> _Records_
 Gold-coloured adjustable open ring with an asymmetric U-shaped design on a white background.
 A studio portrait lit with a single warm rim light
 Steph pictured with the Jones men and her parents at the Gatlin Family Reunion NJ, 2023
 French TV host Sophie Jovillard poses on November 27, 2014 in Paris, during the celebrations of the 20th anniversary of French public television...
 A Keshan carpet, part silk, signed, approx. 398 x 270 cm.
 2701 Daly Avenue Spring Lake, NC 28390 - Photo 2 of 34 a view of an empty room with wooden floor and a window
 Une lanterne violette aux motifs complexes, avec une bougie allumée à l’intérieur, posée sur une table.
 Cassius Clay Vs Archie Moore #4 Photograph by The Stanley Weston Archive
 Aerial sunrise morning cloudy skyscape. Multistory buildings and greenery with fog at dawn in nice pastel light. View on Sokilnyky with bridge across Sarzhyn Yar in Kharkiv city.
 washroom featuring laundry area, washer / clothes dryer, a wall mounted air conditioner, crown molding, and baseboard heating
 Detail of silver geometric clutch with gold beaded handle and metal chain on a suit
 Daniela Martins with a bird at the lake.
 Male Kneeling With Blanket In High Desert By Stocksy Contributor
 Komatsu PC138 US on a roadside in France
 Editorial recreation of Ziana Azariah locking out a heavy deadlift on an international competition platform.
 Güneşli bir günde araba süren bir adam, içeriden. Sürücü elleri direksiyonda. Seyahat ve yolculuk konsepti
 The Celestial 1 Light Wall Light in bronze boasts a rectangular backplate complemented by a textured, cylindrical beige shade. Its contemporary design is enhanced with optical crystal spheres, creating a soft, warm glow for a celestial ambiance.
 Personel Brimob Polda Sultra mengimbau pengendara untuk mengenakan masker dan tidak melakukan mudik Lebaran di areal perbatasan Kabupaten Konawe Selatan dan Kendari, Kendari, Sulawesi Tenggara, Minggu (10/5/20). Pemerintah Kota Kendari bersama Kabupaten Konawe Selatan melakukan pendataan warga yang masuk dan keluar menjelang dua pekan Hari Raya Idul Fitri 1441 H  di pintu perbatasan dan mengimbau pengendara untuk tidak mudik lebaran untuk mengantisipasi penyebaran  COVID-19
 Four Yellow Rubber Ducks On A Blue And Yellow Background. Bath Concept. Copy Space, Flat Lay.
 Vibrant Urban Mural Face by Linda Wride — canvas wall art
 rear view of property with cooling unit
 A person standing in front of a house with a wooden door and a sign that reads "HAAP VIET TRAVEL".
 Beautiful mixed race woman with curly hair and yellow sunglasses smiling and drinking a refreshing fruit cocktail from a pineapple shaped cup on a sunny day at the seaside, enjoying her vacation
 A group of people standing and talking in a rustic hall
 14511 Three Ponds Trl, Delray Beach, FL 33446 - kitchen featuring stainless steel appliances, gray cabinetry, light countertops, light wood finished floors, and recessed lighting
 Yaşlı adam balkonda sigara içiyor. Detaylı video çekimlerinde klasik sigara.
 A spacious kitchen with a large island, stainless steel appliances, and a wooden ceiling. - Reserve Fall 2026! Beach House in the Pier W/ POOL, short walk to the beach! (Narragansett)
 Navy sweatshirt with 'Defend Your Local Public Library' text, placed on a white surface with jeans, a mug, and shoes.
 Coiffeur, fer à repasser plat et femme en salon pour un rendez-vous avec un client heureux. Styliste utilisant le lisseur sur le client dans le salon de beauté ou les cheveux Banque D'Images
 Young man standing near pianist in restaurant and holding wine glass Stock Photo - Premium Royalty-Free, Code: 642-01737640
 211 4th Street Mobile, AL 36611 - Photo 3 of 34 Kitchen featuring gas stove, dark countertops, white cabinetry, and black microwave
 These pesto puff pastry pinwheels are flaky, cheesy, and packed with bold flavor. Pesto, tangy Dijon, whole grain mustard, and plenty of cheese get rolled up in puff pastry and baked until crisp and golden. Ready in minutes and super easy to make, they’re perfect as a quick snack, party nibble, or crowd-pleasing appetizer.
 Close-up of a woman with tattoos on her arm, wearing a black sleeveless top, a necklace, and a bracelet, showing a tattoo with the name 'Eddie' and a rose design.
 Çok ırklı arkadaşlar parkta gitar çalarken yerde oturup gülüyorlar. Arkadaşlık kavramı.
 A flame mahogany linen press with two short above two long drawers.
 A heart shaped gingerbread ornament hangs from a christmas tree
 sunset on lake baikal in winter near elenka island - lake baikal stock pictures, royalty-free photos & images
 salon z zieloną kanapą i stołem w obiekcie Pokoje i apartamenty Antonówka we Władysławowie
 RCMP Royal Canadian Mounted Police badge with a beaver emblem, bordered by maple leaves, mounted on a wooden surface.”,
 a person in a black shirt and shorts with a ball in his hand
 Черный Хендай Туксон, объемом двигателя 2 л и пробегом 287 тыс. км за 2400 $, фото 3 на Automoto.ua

> _About this exercise_
Repeat each entry exactly as it was given.

> _Solution to this task_
 Gold-coloured adjustable open ring with an asymmetric U-shaped design on a white background.
 A studio portrait lit with a single warm rim light
 Steph pictured with the Jones men and her parents at the Gatlin Family Reunion NJ, 2023
 French TV host Sophie Jovillard poses on November 27, 2014 in Paris, during the celebrations of the 20th anniversary of French public television...
 A Keshan carpet, part silk, signed, approx. 398 x 270 cm.
 2701 Daly Avenue Spring Lake, NC 28390 - Photo 2 of 34 a view of an empty room with wooden floor and a window
 Une lanterne violette aux motifs complexes, avec une bougie allumée à l’intérieur, posée sur une table.
 Cassius Clay Vs Archie Moore #4 Photograph by The Stanley Weston Archive
 Aerial sunrise morning cloudy skyscape. Multistory buildings and greenery with fog at dawn in nice pastel light. View on Sokilnyky with bridge across Sarzhyn Yar in Kharkiv city.
 washroom featuring laundry area, washer / clothes dryer, a wall mounted air conditioner, crown molding, and baseboard heating
 Detail of silver geometric clutch with gold beaded handle and metal chain on a suit
 Daniela Martins with a bird at the lake.
 Male Kneeling With Blanket In High Desert By Stocksy Contributor
 Komatsu PC138 US on a roadside in France
 Editorial recreation of Ziana Azariah locking out a heavy deadlift on an international competition platform.
 Güneşli bir günde araba süren bir adam, içeriden. Sürücü elleri direksiyonda. Seyahat ve yolculuk konsepti
 The Celestial 1 Light Wall Light in bronze boasts a rectangular backplate complemented by a textured, cylindrical beige shade. Its contemporary design is enhanced with optical crystal spheres, creating a soft, warm glow for a celestial ambiance.
 Personel Brimob Polda Sultra mengimbau pengendara untuk mengenakan masker dan tidak melakukan mudik Lebaran di areal perbatasan Kabupaten Konawe Selatan dan Kendari, Kendari, Sulawesi Tenggara, Minggu (10/5/20). Pemerintah Kota Kendari bersama Kabupaten Konawe Selatan melakukan pendataan warga yang masuk dan keluar menjelang dua pekan Hari Raya Idul Fitri 1441 H  di pintu perbatasan dan mengimbau pengendara untuk tidak mudik lebaran untuk mengantisipasi penyebaran  COVID-19
 Four Yellow Rubber Ducks On A Blue And Yellow Background. Bath Concept. Copy Space, Flat Lay.
 Vibrant Urban Mural Face by Linda Wride — canvas wall art
 rear view of property with cooling unit
 A person standing in front of a house with a wooden door and a sign that reads "HAAP VIET TRAVEL".
 Beautiful mixed race woman with curly hair and yellow sunglasses smiling and drinking a refreshing fruit cocktail from a pineapple shaped cup on a sunny day at the seaside, enjoying her vacation
 A group of people standing and talking in a rustic hall
 14511 Three Ponds Trl, Delray Beach, FL 33446 - kitchen featuring stainless steel appliances, gray cabinetry, light countertops, light wood finished floors, and recessed lighting
 Yaşlı adam balkonda sigara içiyor. Detaylı video çekimlerinde klasik sigara.
 A spacious kitchen with a large island, stainless steel appliances, and a wooden ceiling. - Reserve Fall 2026! Beach House in the Pier W/ POOL, short walk to the beach! (Narragansett)
 Navy sweatshirt with 'Defend Your Local Public Library' text, placed on a white surface with jeans, a mug, and shoes.
 Coiffeur, fer à repasser plat et femme en salon pour un rendez-vous avec un client heureux. Styliste utilisant le lisseur sur le client dans le salon de beauté ou les cheveux Banque D'Images
 Young man standing near pianist in restaurant and holding wine glass Stock Photo - Premium Royalty-Free, Code: 642-01737640
 211 4th Street Mobile, AL 36611 - Photo 3 of 34 Kitchen featuring gas stove, dark countertops, white cabinetry, and black microwave
 These pesto puff pastry pinwheels are flaky, cheesy, and packed with bold flavor. Pesto, tangy Dijon, whole grain mustard, and plenty of cheese get rolled up in puff pastry and baked until crisp and golden. Ready in minutes and super easy to make, they’re perfect as a quick snack, party nibble, or crowd-pleasing appetizer.
 Close-up of a woman with tattoos on her arm, wearing a black sleeveless top, a necklace, and a bracelet, showing a tattoo with the name 'Eddie' and a rose design.
 Çok ırklı arkadaşlar parkta gitar çalarken yerde oturup gülüyorlar. Arkadaşlık kavramı.
 A flame mahogany linen press with two short above two long drawers.
 A heart shaped gingerbread ornament hangs from a christmas tree
 sunset on lake baikal in winter near elenka island - lake baikal stock pictures, royalty-free photos & images
 salon z zieloną kanapą i stołem w obiekcie Pokoje i apartamenty Antonówka we Władysławowie
 RCMP Royal Canadian Mounted Police badge with a beaver emblem, bordered by maple leaves, mounted on a wooden surface.”,
 a person in a black shirt and shorts with a ball in his hand
 Черный Хендай Туксон, объемом двигателя 2 л и пробегом 287 тыс. км за 2400 $, фото 3 на Automoto.ua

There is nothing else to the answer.